Na exposição que o Barbican Centre, em Londres, inaugura a 14 de Fevereiro, dá-se um encontro: Marcel Duchamp com John Cage, Merce Cunningham, Robert Rauschenberg e Jasper Johns.

Na exposição que o Barbican Centre, em Londres, inaugura a 14 de Fevereiro, dá-se um encontro: o do homem responsável por uma das maiores transformações na arte do todos os tempos com quatro figuras de referência da cultura do século XX que foram por ele influenciadas. Isto é o mesmo que dizer que Marcel Duchamp se encontra com John Cage, Merce Cunningham, Robert Rauschenberg e Jasper Johns.

Foi o homem que pôs urinóis e rodas de bicicleta em galerias e lhes chamou arte - as palavras são de Charlotte Higgins, jornalista do diário The Guardian, evocando Fountain e Bicycle Wheel - que ajudou a levar a arte moderna para os EUA, se tivermos em conta que é a exposição do Armory de 1913, em Nova Iorque, que mostra uma das suas obras fundadoras, Nude Descending a Staircase (1912), provocando um escândalo imediato.

Segundo Jane Alison, curadora do Barbican, a atracção dos jovens artistas por Duchamp explica-se pelo facto de lhes ter dado acesso a uma arte de vanguarda, de raiz dadaísta, que servia de "contraponto ao expressionismo abstracto, cansado e machista", em crescimento na Nova Iorque em que se moviam.

O primeiro dos quatro a conhecê-lo foi o compositor, Cage. E daí até que o coreógrafo e os dois pintores, Rauschenberg e Johns, se deixassem arrastar para o seu universo foi um passo. Os quatro trabalhavam juntos na companhia que levava o nome de Cunningham mas que, na realidade, era uma incubadora para as ideias (e o génio) de todos. As obsessões de um tornavam-se facilmente as obsessões dos outros.

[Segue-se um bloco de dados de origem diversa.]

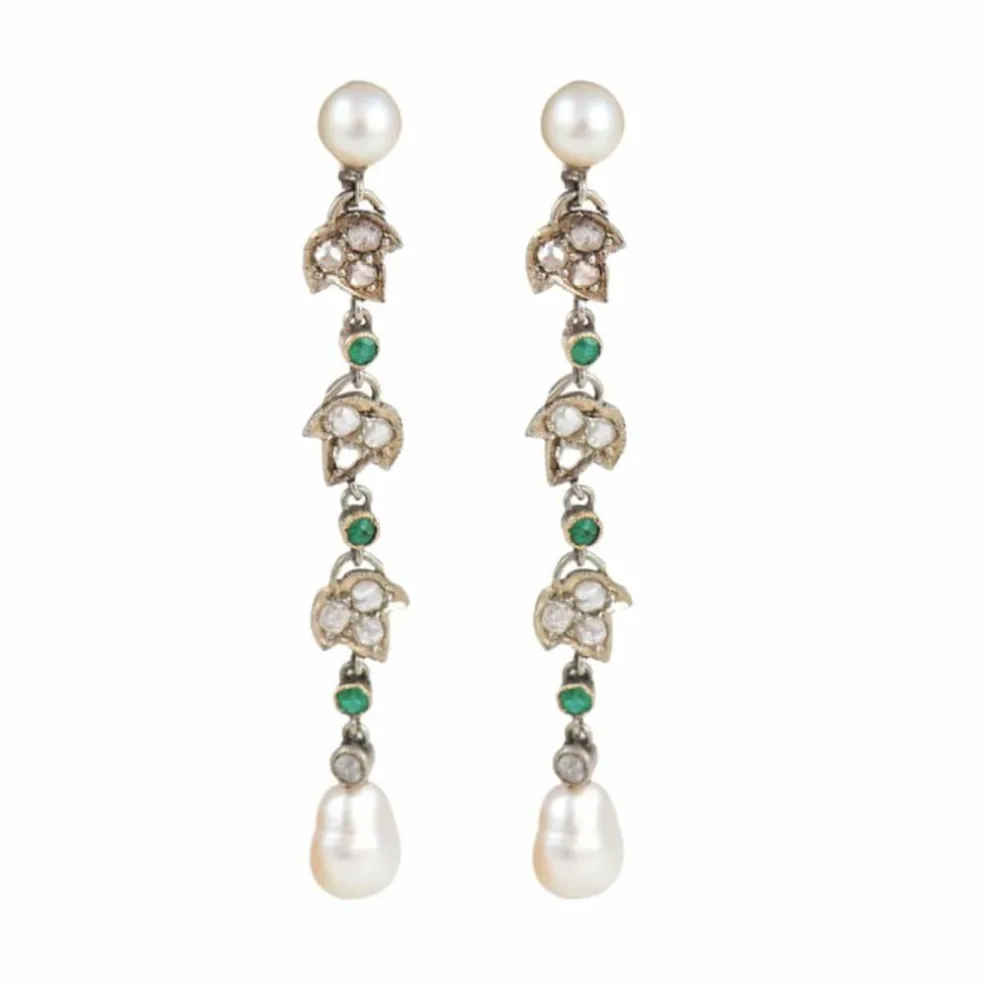 Paire de pendants d'oreilles fin XIXème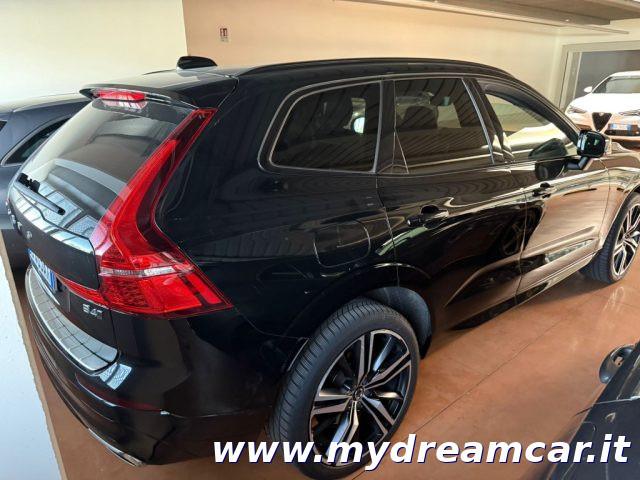 VOLVO XC60 B4 (d) AWD Geartronic Momentum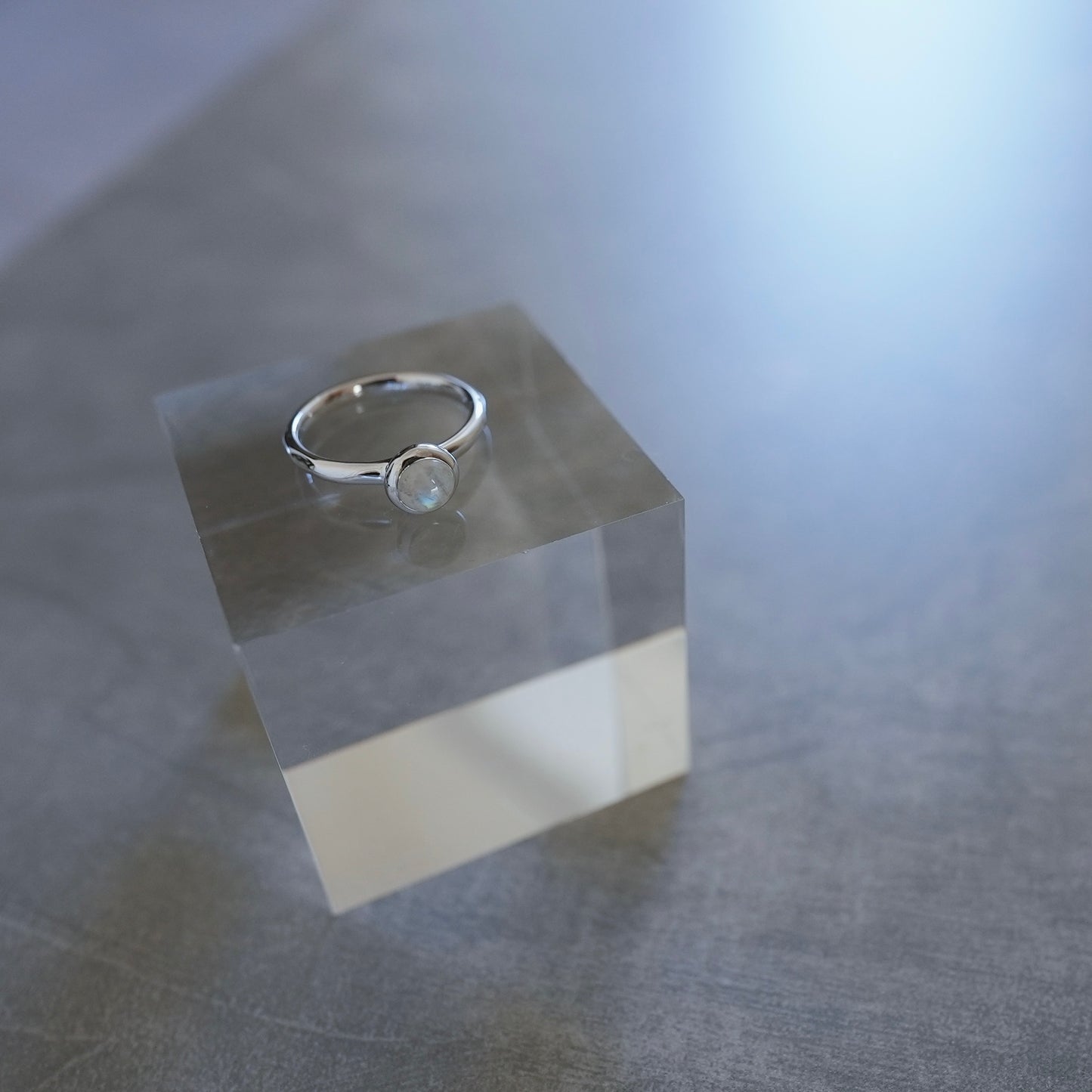 水滴一粒 stone ring./ Water droplets stone ring.【在庫有】ムーンストーン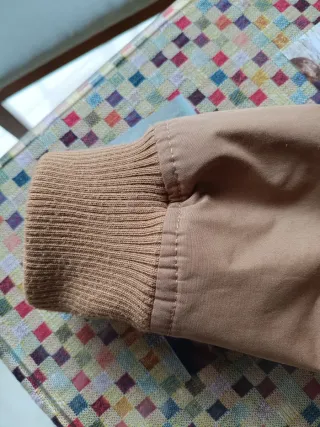 Cazadora Camel con Capucha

A exposição do Barbican reúne mais de 90 obras, incluindo alguns dos readymades de Duchamp e interpretações ao vivo e gravadas de peças de Cage e de Cunningham. Garante o centro de artes londrino que é uma experiência total a que não falta sequer Nude Descending a Staircase e The Bride Stripped Bare by her Bachelors, Even, trabalho mais conhecido como Large Glass e um dos que mais marcou Cunningham, que dele partiu para criar Walkaround Time (1968), com cenários de Johns (também expostos).

Era a serenidade de Duchamp que, além da obra, impressionava o coreógrafo: "O principal, acho, é o tempo. Marcel sempre nos deu a sensação de ser um ser humano permanentemente calmo, embora os dias passassem..." Conversavam muito. E com Cage, muitas vezes, durante os jogos de xadrez. Duchamp era exímio e o compositor, embora fosse bom jogador, ao pé dele sentia-se sempre um aprendiz.

Se da exposição The Bride and the Bachelors: Duchamp with Cage, Cunningham, Rauschenberg and Johns (até 9 de Junho) passarmos para a programação paralela que ela implica - e a que o Barbican chamou Dancing Around Duchamp - alargamos a galáxia deste artista-inventor a Beckett, Eugène Ionesco e Robert Wilson. Do primeiro apresenta-se Watt, a peça que conta a história de uma personagem que vagueia até chegar à casa de Mr. Knott, um homem misterioso a quem vai servir. Watt é uma produção do Gate Theatre Dublin, companhia que tem vindo a especializar-se na obra do dramaturgo irlandês, outro apaixonado do xadrez. De Ionesco o programa dá a ver Rhinocéros, texto maior do teatro do absurdo que é uma crítica a todas as formas de totalitarismo, numa encenação de Emmanuel Demarcy-Mota para o Théâtre de la Ville, em Paris (passou também por Portugal e pelos EUA). Wilson homenageia Cage em Lecture on Nothing, com o videasta Tomek Jeziorski e o compositor Arno Kraehahn. O efeito visual é grande, mas o coração da obra continua a ser o texto experimental em que o compositor norte-americano usou os mesmos métodos criativos que aplicava à sua música.